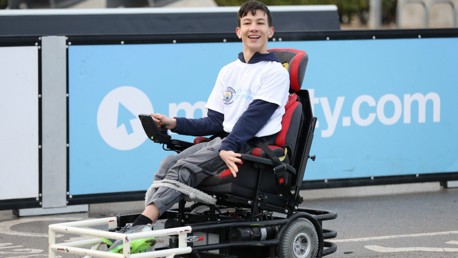 Fans try Powerchair Football at the Etihad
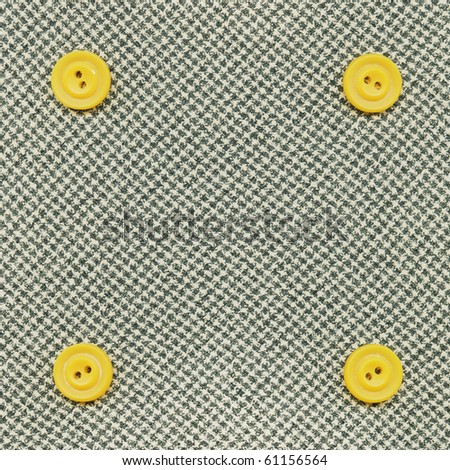 Yellow buttons on the gray fabric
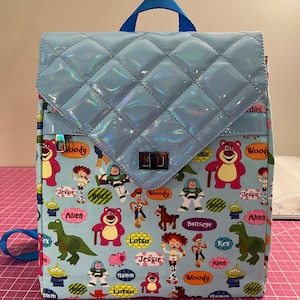 May include: A light blue quilted backpack with a flap closure. The backpack is decorated with a repeating pattern of Toy Story characters, including Woody, Buzz Lightyear, Jessie, and Lotso. The flap is iridescent and has a silver clasp.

▸ **TASK**: What is needed is a word-for-word copy of the data, minus its pictures.

▸ **RESPONSE TO THE TASK**:
 Fans try Powerchair Football at the Etihad
 Yellow buttons on the gray fabric
 May include: A light blue quilted backpack with a flap closure. The backpack is decorated with a repeating pattern of Toy Story characters, including Woody, Buzz Lightyear, Jessie, and Lotso. The flap is iridescent and has a silver clasp.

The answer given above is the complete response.